Most of these statements are usually lies. But I was taken aback by the first statement, which is usually true. Giving source is easy. If the contract says that the developers will give a tar file from which you can build the application, why would anyone expect it to be a lie? Am I missing something?
I agree that it is generally not a lie - I didn't understand that either. But distributing source is not always easy:
- The build process may rely on a highly customized configuration or not-generally-available tools, making the source files useless to anyone other than the developer. Documenting the build process, or making the build process "bulletproof" so that it will work on other machines, may be expensive.
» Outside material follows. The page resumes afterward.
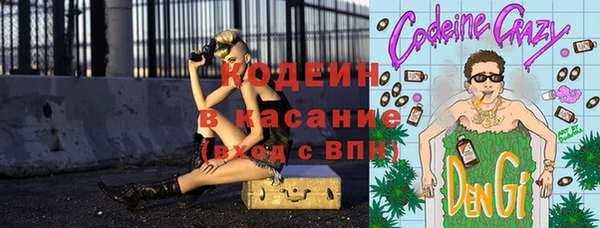 бутират Няндома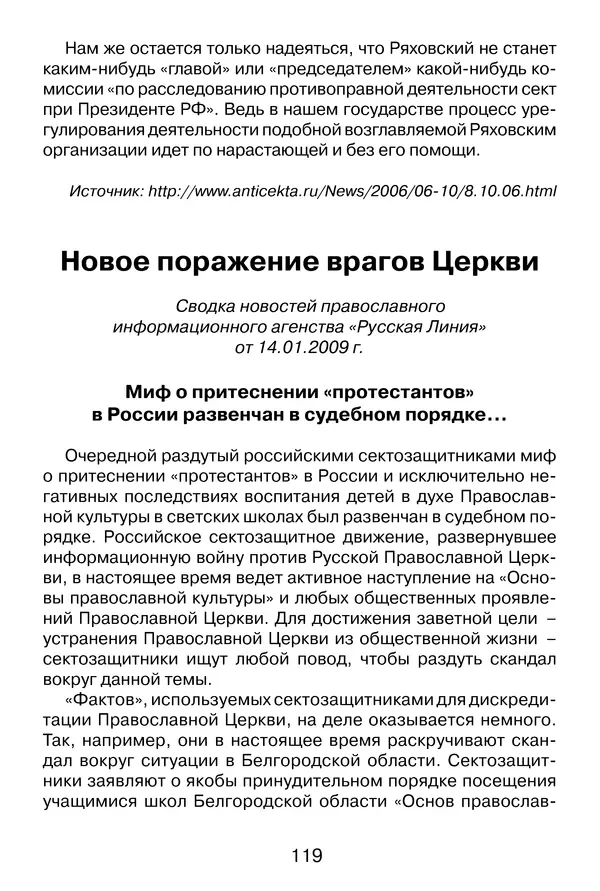Иеромонах Анатолий Берестов - Неопятидесятничество: вирус в христианстве - Страница № 120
- The source may include intellectual property licensed from another vendor, which the developer is not allowed to redistribute to the customer.
- The source may contain trade secrets that the developer does not want to share.
- The source may contain features that apply to multiple customers, and it would not be appropriate for one customer to see what other customers are doing.
- It may be difficult to identify the exact versions of all the sources that were used to build a particular version of the software.
- The process of gathering all the sources can be expensive.
- The source may be so ugly that the developer is ashamed to let anyone else see it.
So, while distributing source may be required and expected, it's not easy and so the developer may try to avoid doing it, or may do a half-assed job of it.
Once upon a time, a sister company to the one I was in was clearly intending to take our source, split off, and compete with us. (We had enough documentation on this to win the lawsuit that ultimately occurred.) We were required to send them the source. So we converted all the names to Annnnn, stripped all the comments, and most of the carriage returns. So there's another angle on "of course you can have the source code".
A company called Gimpel Lint did this - you got compilable source, with totally cryptic identifiers, etc. No sane way to modify it, but they didn't need to deal with your particular build environment.
Some more ways to not give you the source:
- The source code comes with pre-built intermediate and executable binary files. Unfortunately, nobody notices that for one or two binary files there's no corresponding source code. Guess where the core logic of the program lies? This happens with a few Linux device drivers - the source code is actually a Windows NT .lib file loader, which loads a hacked-up Windows NT device driver distributed with the source code.
- The "source code" is the output of a compiler of a different programming language. This happened with a Modula-3 compiler I once had the pleasure of using - lots of machine-generated C code, generated from the Modula-3 source code that the vendor was not distributing. I could not collect more than 10 lines of such code without encountering system-specific integer constants.
- The source code is so non-portable that it does not compile (or sometimes even run) on a nearly identical copy of the developer's machine, much less a customer's arbitrary choice of system.
- The vendor might not have the source code any more. Occurs in single-developer situations where there's none of the usual IT niceties such as revision control, data backups, etc., or disgruntled employees and sabotage.